I've been going in to the office but only during the hours I set when you were alive. I haven't been able to write anything worthwhile, anything toward the memoir this week.  I've been stuck, interacting with screens too much - too much Charlotte Dobre, Tank Tolman, and others.

by Marissa at Jessee Monuments, Powell Butte
I don't completely understand how I'm living my life. I'm trying to believe in my ability to recoup. This week has been hard I think because it was a response to last week's travel, tombstone placement, and altar guilding both Saturday and Sunday. The work wasn't hard but I wanted to be "up" for it but this week has been a challenge. I've cried and hurt a lot. 

I went to a grief group yesterday.  For some reason right now it's helpful to be in a group with people hit and hurt "worse than" I.  At least I perceive it that way. But then I have a mind that does that comparison thing. 

My mom used to tell me, whenever I complained about my privileged life, "I cried because I had no shoes until I met a man who had no feet." That is, I should always be aware that however bad my life feels, it is always much better than someone elses.

A lot of the time that works, at least on a cognitive level. But sometimes my emotions simply overwhelm my ability to think reasonably.

Well, you know that only too well. It's why I'm writing to you now, because of my love and grief not letting me let you go. It was a bone of contention through much of our marriage because I needed more verbal intimacy than you could give me. And it was why I could care for you until you died, because my love overwhelmed my fear, anxiety, and reasoning. Throughout our relationship you couldn't really grok what I was talking about when I talked about complex emotions and the subconscious and all that. I used to blame you because I thought you were choosing to hide yourself from me. I thought you were choosing to not see me, to make me invisible. I was so angry. That's one of the reasons I made connections with others -- because I needed to be able to express my rage.  I needed to be with people who seemed like they could see me when you wouldn't.

If I had known it was a matter of you "couldn't" rather than "wouldn't" would it have made a difference to my 20something self?

I don't know. She is so far away, the past so past.

Speaking of connections, were you flashing me a couple of weeks ago? I was just nodding off in front of my giant telly, between wakefulness and sleep, when I saw you out of the corner of my eye - you before 2015. For a moment the past and present collided - and then the visitation was over. 

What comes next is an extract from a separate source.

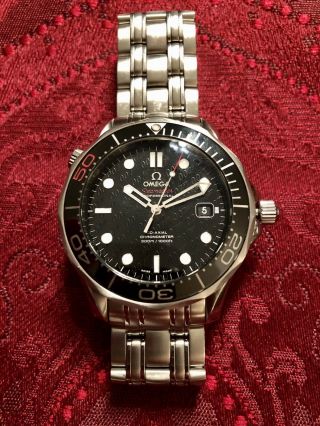 Omega Seamaster Diver 300m James Bond 50th Anniversary Limited Edition - 41mm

I love those milleseconds when the last  9 years disappear.

Love always.

 


Wednesday 4 October 2023

Memoir stuff

 My friend and fellow poet Judy Montgomery recently suggested that I write a memoir piece about Will.  Her comment was perfectly timed because I'd just decided to change the focus of my memoir to my long marriage.  I realized my experience in managing the twists and turns of a long commitment might be the most interesting thing I can talk about with others.

But ugh, long form prose.  

Yet my poetry brain hasn't really returned either.  Sigh.

And then there's the way memory works or in my case didn't. Recently I came to the startling realization that for years I'd been thinking that I was raped and later busted when I was nineteen.  Nope. Those two events occurred the year I was 18.

And the weird way that memory gets "dinged" by a bell. This morning at the office the giant monitors are running a silent series of attractive videos including undersea through waving weeds and over cities by drone.  As I went to get coffee I saw over my head a triangular slice of a red bridge of familiar shape. And I thought again of Sally.